For the records below, say how many lines contain the string "table". Give no other text.

□ □ □ □ □ □ □

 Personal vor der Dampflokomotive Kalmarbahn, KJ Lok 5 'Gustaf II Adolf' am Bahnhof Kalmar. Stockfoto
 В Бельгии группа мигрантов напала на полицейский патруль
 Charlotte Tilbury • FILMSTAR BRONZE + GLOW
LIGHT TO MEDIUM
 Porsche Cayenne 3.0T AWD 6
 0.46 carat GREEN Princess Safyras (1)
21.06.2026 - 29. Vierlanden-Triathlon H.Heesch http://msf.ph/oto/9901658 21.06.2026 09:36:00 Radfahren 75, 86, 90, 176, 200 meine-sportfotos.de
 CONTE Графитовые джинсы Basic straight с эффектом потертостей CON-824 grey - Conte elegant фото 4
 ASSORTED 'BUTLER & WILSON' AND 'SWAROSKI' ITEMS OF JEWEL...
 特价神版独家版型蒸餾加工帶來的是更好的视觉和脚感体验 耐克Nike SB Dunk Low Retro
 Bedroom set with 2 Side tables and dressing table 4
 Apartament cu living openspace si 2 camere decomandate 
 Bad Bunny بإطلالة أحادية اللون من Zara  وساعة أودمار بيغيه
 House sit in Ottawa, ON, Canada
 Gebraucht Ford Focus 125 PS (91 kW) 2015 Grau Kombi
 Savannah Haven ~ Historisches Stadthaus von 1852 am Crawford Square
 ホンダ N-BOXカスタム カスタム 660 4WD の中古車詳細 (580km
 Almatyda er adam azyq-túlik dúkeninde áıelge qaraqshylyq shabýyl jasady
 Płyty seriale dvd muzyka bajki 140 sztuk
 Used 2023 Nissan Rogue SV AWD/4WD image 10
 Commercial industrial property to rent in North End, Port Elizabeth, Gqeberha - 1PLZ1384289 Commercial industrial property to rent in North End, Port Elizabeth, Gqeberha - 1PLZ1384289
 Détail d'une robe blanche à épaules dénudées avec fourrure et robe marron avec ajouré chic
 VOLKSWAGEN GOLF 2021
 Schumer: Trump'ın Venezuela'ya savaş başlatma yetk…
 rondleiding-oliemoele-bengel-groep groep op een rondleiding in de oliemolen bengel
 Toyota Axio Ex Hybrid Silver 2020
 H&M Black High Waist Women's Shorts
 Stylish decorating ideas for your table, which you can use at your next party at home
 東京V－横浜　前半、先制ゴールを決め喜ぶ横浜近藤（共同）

□ □ □ □ □ □ □

- Response -
2